Défilé Balenciaga SS20 : l'habit fait le moine

La frontière entre le jeu et le vrai est une question qui fascine Demna Gvasalia. Pour le défilé Balenciaga SS20 à la fashion week de Paris, le directeur artistique a exploré l'uniforme et la perception que nous en avons dans un show troublant.

Défilé Balenciaga SS20 : l'habit fait le moine
© Le journal des Femmes

C'est à la Cité du Cinéma que le défilé Balenciaga SS20 avait donné rendez-vous à ses invités et le set était bel et bien digne d'un film. Dans une salle aveugle et monochrome au bleu sans émotion, un catwalk en forme de spirale précipitait les mannequins au centre de cercles concentriques. Un décor éclairé au néon pour en accentuer encore la froideur qui sert de théâtre à la vision du réel twistée et perturbante du designer Demna Gvasalia.

Aux premiers passages, le malaise s'accroît. La collection printemps-été 2020 de Balenciaga se nomme "New Fashion Uniforms" (les nouveaux uniformes de la mode) et les six premières silhouettes proposées sont des costumes accessoirisés de badges, portés par des personnes, tout ce qu'il y a de plus lambda. Infirmier, architecte, ingénieur... Ils seront en nombre, aux côtés des mannequins de métier à défiler sur le catwalk, stipule la note d'intention. Le propos de Demna Gvasalia :  "le Power Dressing" ou la perception de la garde-robe professionnelle comme une forme de pouvoir et force de transformation. Sont-ce des modèles ou des membres du staff en uniforme ? A-t-on affaire à de la mode ? Les questionnements que souhaite provoquer le directeur artistique fusent, la magie opère.

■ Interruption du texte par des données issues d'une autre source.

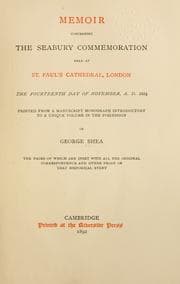 Tapa de Memoir concerning the Seabury commemoration held at St. Paul's Cathedral, London, the fourteenth day of November, A. D. 1884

Mais c'est bien de mode qu'il s'agit lors du défilé printemps-été 2020 de Balenciaga. Émergent des premières silhouettes plus travaillées, avec les fameuses lignes d'épaules accentuées, de plus en plus larges, de plus en plus angulaires, de plus en plus incisives. Le show bascule dans la dystopie avec des mannequins aux bouches XXL et aux pommettes accentuées par des prothèses. Mais est-ce si loin de la réalité ? Des éléments familiers empruntés à la pop culture se greffent, comme des t-shirts imprimés "X-rated" ou "18+" ou des sacs réalisés en collaboration avec l'insouciante Hello Kitty venant conforter ce sentiment que la fiction et la réalité sont étrangement voisines. 

Le 17 septembre, le designer Demna Gvasalia annonçait son départ de Vetements, sa maison, avec laquelle il a rencontré le succès et fondé la mouvance normcore. S'il persiste dans son étude du vestiaire quotidien et des archétypes de notre temps chez Balenciaga, il n'en oublie pas moins l'héritage couture de la maison de Cristobal. Cette saison encore, il se manifeste en clôture avec cinq silhouettes qui n'ont pas manqué de faite le tour d'Internet. Le volume quitte les épaules pour se concentrer dans une série de "Wearable ballroom" (des robes de bal portables) aux jupes aériennes gonflées aux crinolines amovibles. De la dystopie à la féerie, il n'y a qu'un pas.